§ WHAT THE TASK ASKS
For this listing, the lines between the one holding "Toalha Bordada de" and the one holding "The Buddha Karaniya", inclusive, must be set down exactly.

§ EXTRACTED MATERIAL
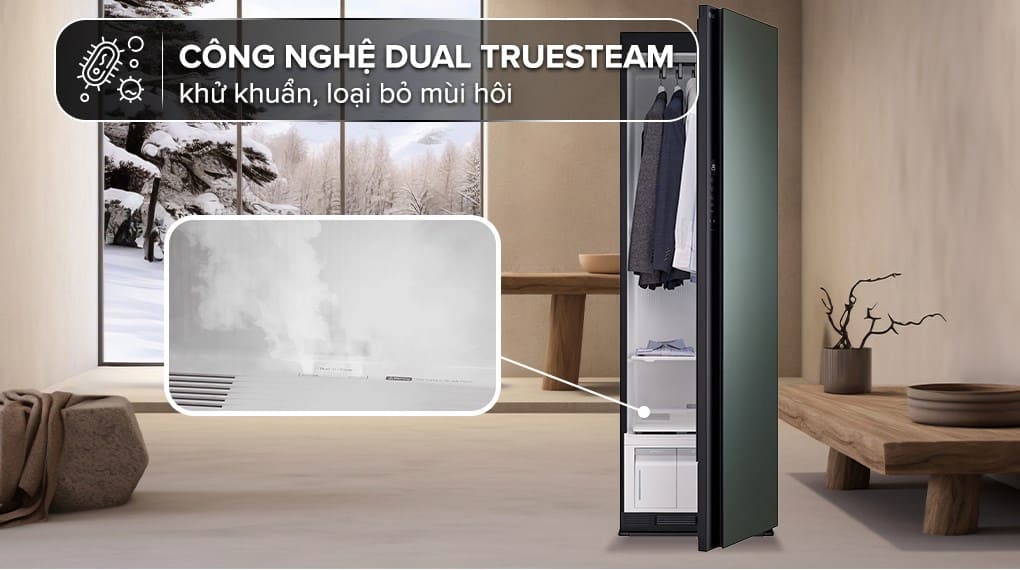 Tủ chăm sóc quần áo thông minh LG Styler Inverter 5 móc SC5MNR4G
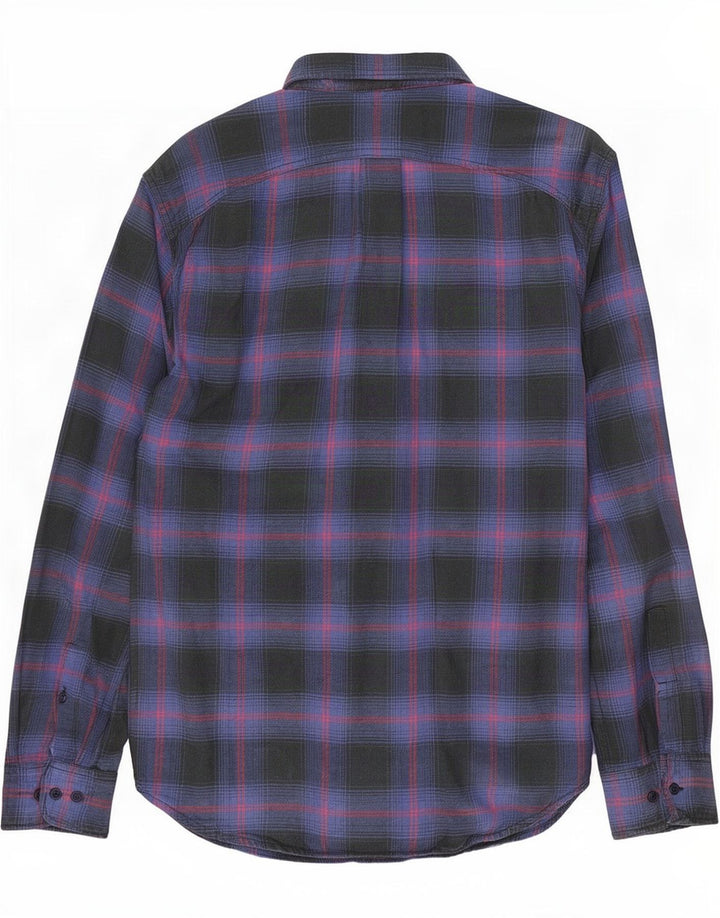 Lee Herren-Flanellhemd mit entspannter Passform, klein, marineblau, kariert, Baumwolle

--

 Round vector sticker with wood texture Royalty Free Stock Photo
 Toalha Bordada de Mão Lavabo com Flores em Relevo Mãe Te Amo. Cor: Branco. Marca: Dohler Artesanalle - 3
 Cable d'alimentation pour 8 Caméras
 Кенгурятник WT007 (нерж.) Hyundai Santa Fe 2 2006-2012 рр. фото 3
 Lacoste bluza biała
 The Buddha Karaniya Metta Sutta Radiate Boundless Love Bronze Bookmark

---

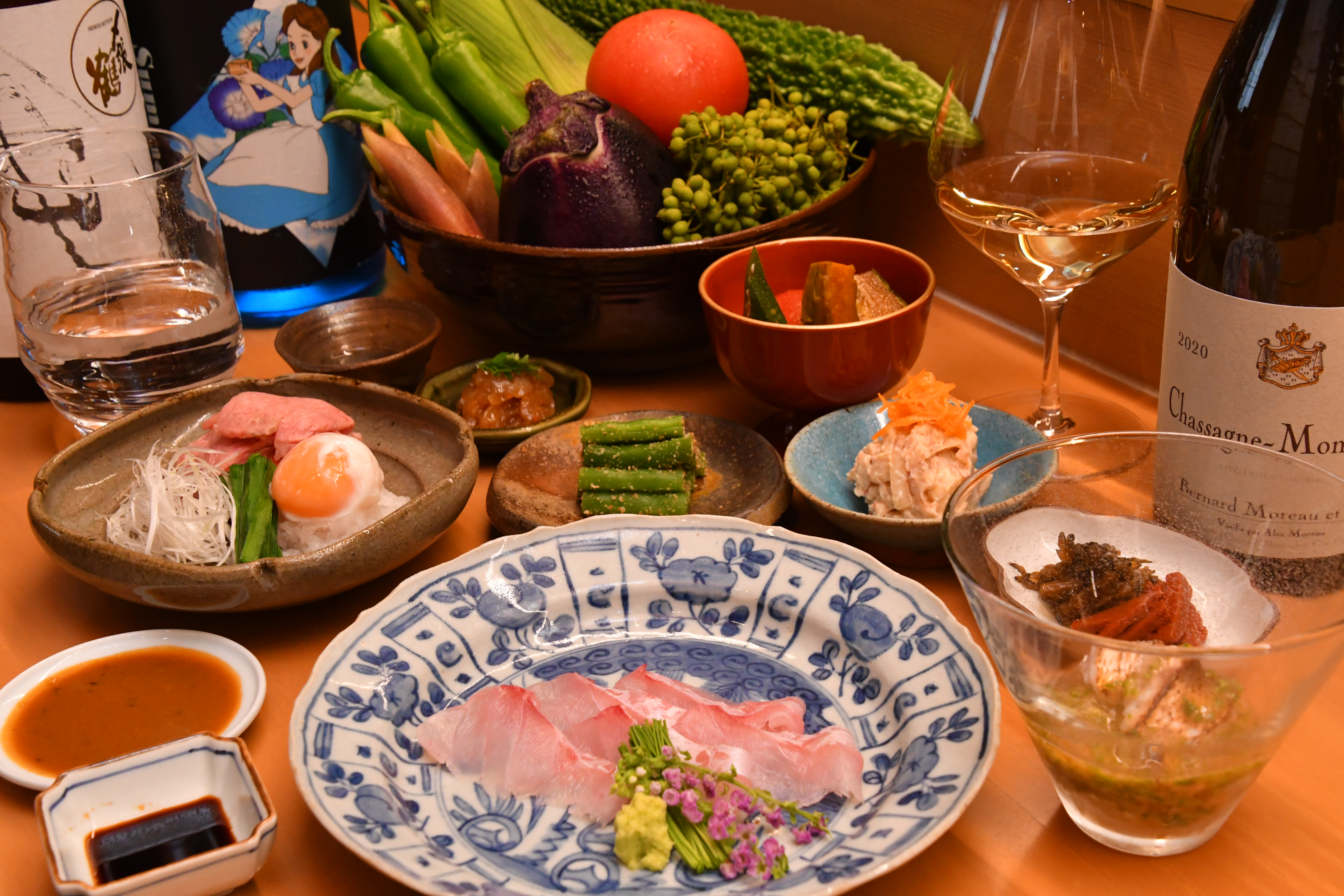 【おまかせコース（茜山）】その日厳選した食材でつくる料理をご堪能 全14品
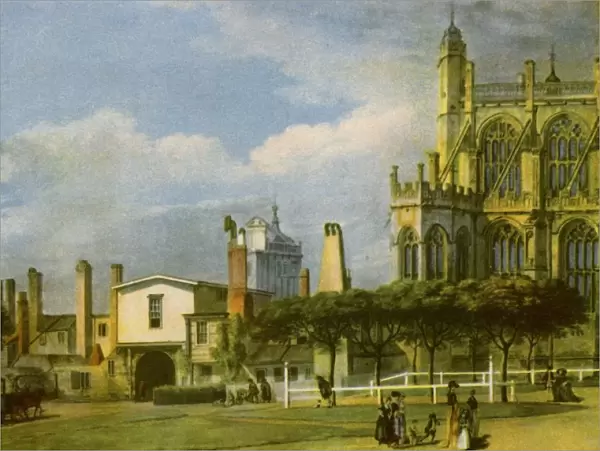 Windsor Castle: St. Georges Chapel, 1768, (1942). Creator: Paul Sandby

§ TASK OUTPUT
 Toalha Bordada de Mão Lavabo com Flores em Relevo Mãe Te Amo. Cor: Branco. Marca: Dohler Artesanalle - 3
 Cable d'alimentation pour 8 Caméras
 Кенгурятник WT007 (нерж.) Hyundai Santa Fe 2 2006-2012 рр. фото 3
 Lacoste bluza biała
 The Buddha Karaniya Metta Sutta Radiate Boundless Love Bronze Bookmark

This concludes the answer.